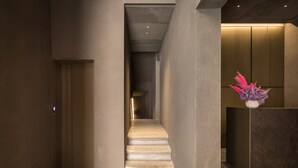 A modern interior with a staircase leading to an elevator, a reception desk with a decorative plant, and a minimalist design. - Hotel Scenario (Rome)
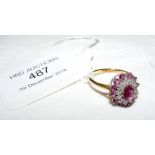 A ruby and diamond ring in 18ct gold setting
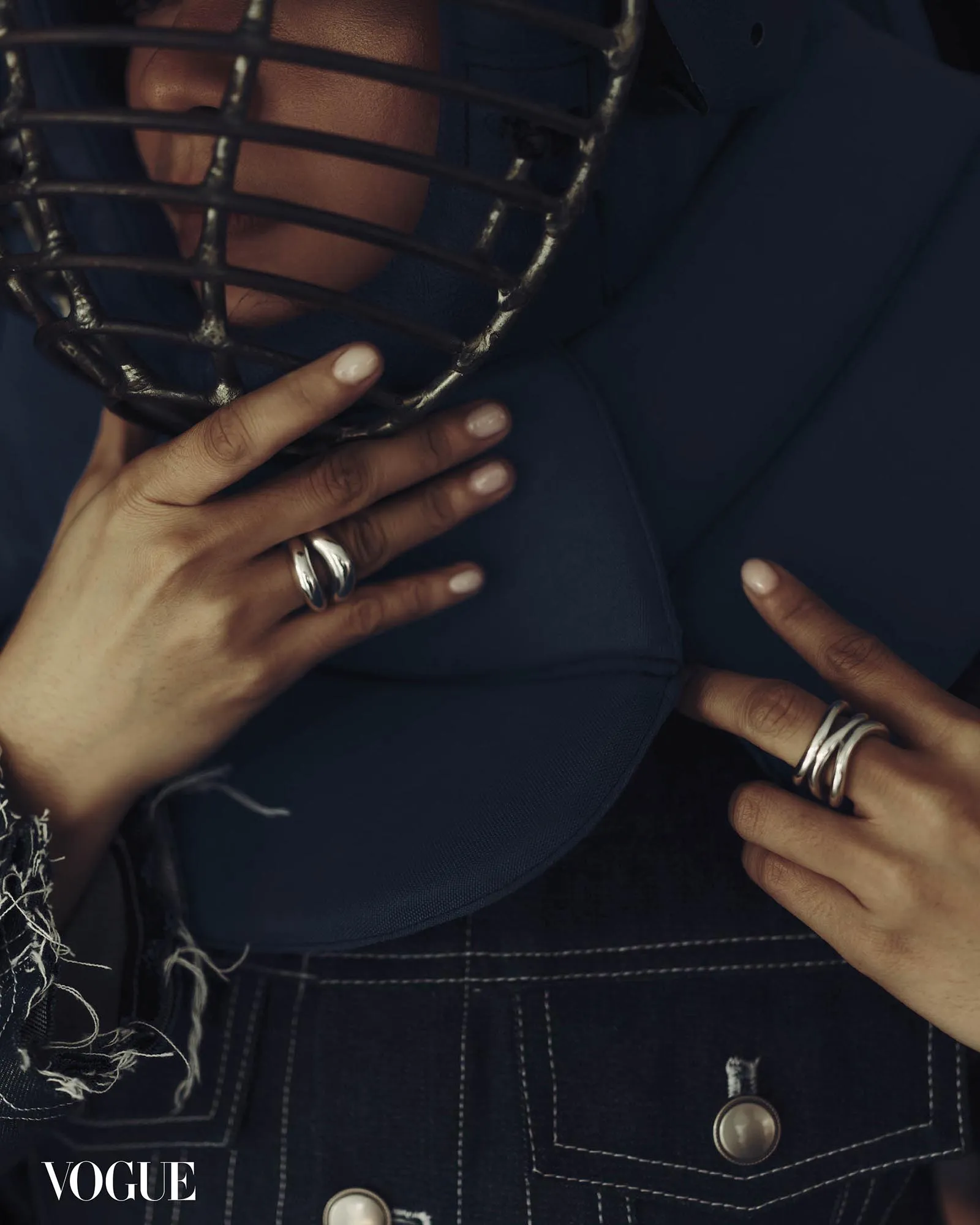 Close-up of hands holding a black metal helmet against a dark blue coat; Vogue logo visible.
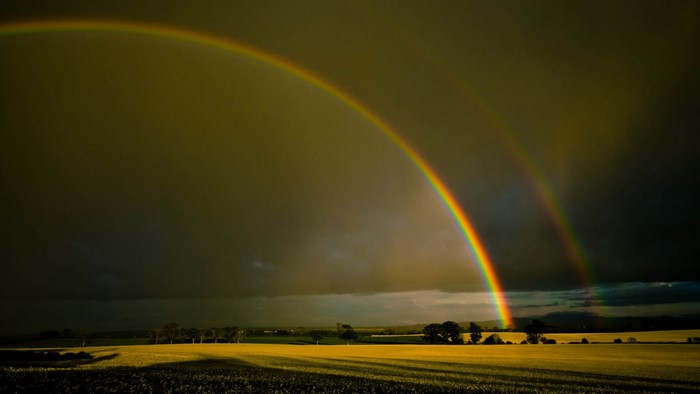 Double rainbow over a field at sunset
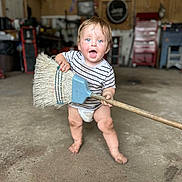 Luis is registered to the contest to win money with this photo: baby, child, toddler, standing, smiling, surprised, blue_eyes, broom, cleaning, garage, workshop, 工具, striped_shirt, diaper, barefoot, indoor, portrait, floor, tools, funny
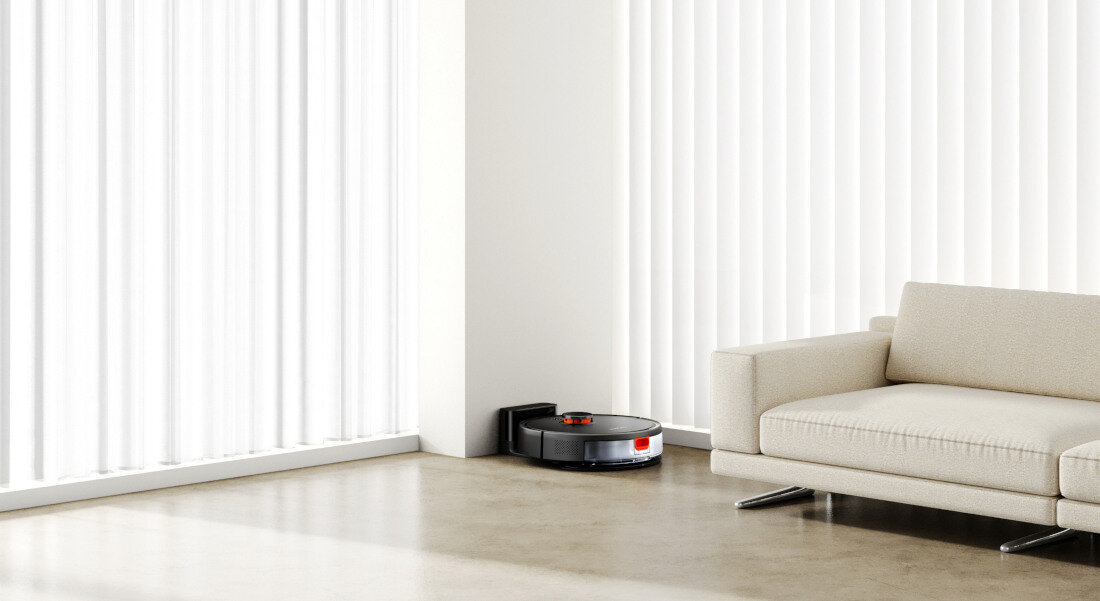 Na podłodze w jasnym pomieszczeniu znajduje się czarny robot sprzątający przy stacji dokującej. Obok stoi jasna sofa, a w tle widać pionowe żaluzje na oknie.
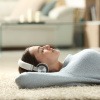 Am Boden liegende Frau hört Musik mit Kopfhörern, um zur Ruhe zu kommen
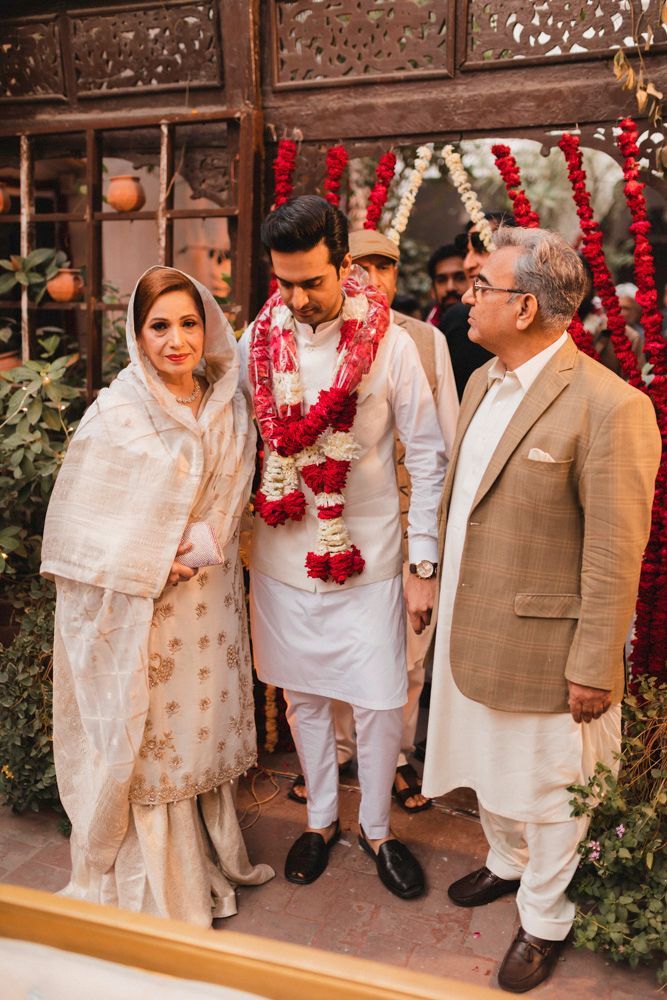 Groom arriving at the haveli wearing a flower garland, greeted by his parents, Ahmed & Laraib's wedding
========================================
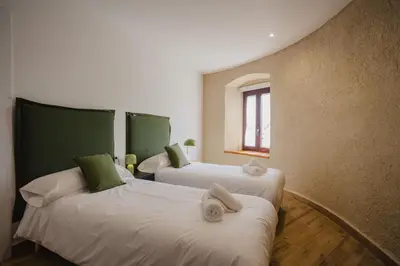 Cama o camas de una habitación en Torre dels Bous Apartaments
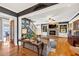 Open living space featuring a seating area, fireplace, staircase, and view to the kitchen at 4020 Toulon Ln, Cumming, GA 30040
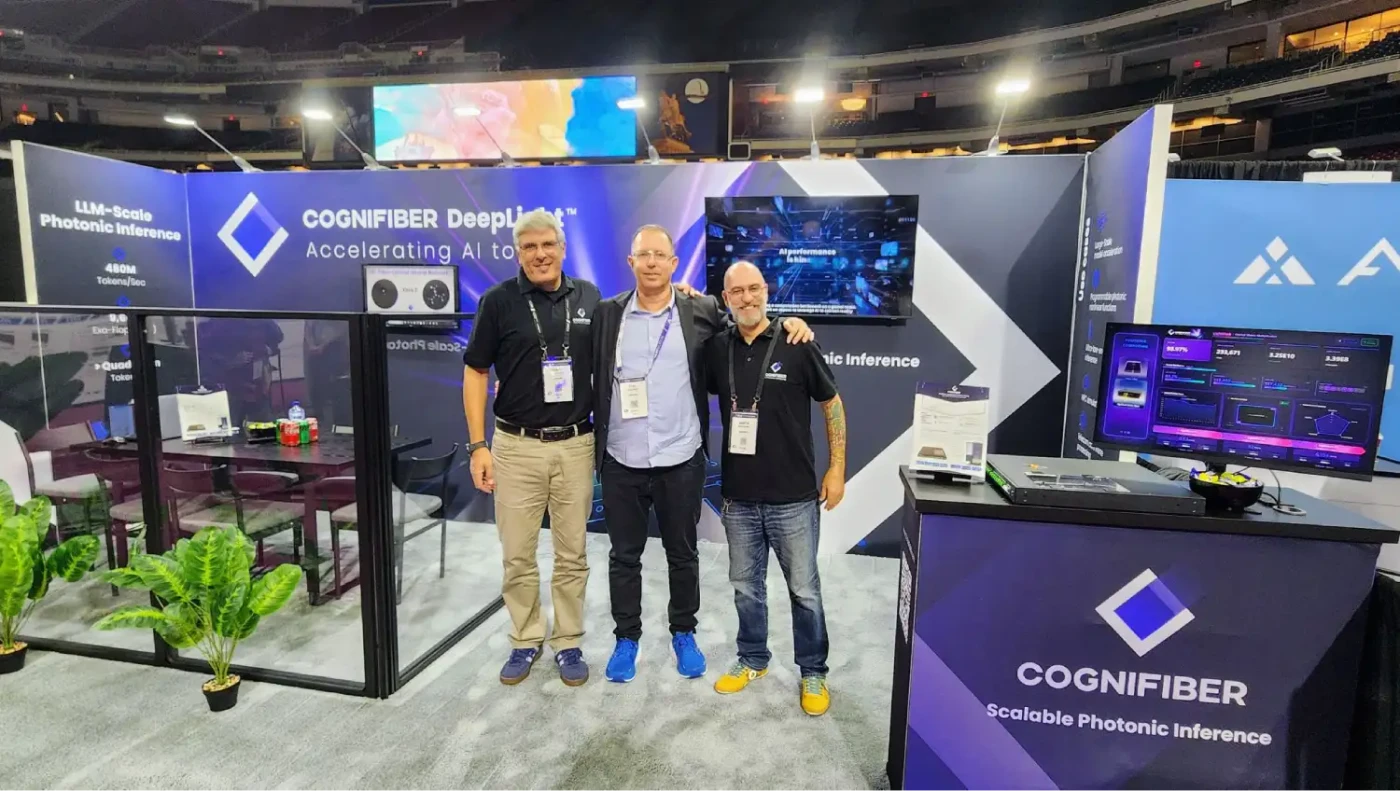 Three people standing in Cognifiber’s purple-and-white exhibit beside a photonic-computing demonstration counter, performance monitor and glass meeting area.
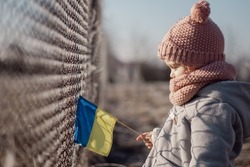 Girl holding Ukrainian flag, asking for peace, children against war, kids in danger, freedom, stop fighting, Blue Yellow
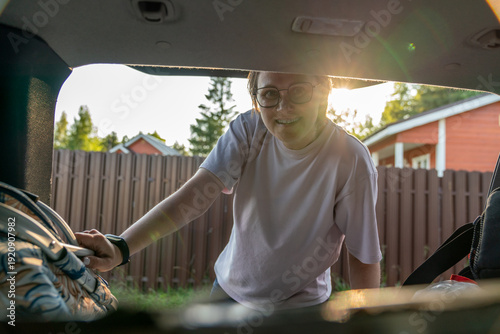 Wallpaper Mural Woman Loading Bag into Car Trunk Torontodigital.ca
========================================
• [Instructions for the task]: Copy exactly the lines of the entries above from the one containing "A ruby and diamond ring in 18ct gold setting" through the one containing "Am Boden liegende". Both end lines count; pictures do not.

• [Solution to this task]:
 A ruby and diamond ring in 18ct gold setting
 Close-up of hands holding a black metal helmet against a dark blue coat; Vogue logo visible.
 Double rainbow over a field at sunset
 Luis is registered to the contest to win money with this photo: baby, child, toddler, standing, smiling, surprised, blue_eyes, broom, cleaning, garage, workshop, 工具, striped_shirt, diaper, barefoot, indoor, portrait, floor, tools, funny
 Na podłodze w jasnym pomieszczeniu znajduje się czarny robot sprzątający przy stacji dokującej. Obok stoi jasna sofa, a w tle widać pionowe żaluzje na oknie.
 Am Boden liegende Frau hört Musik mit Kopfhörern, um zur Ruhe zu kommen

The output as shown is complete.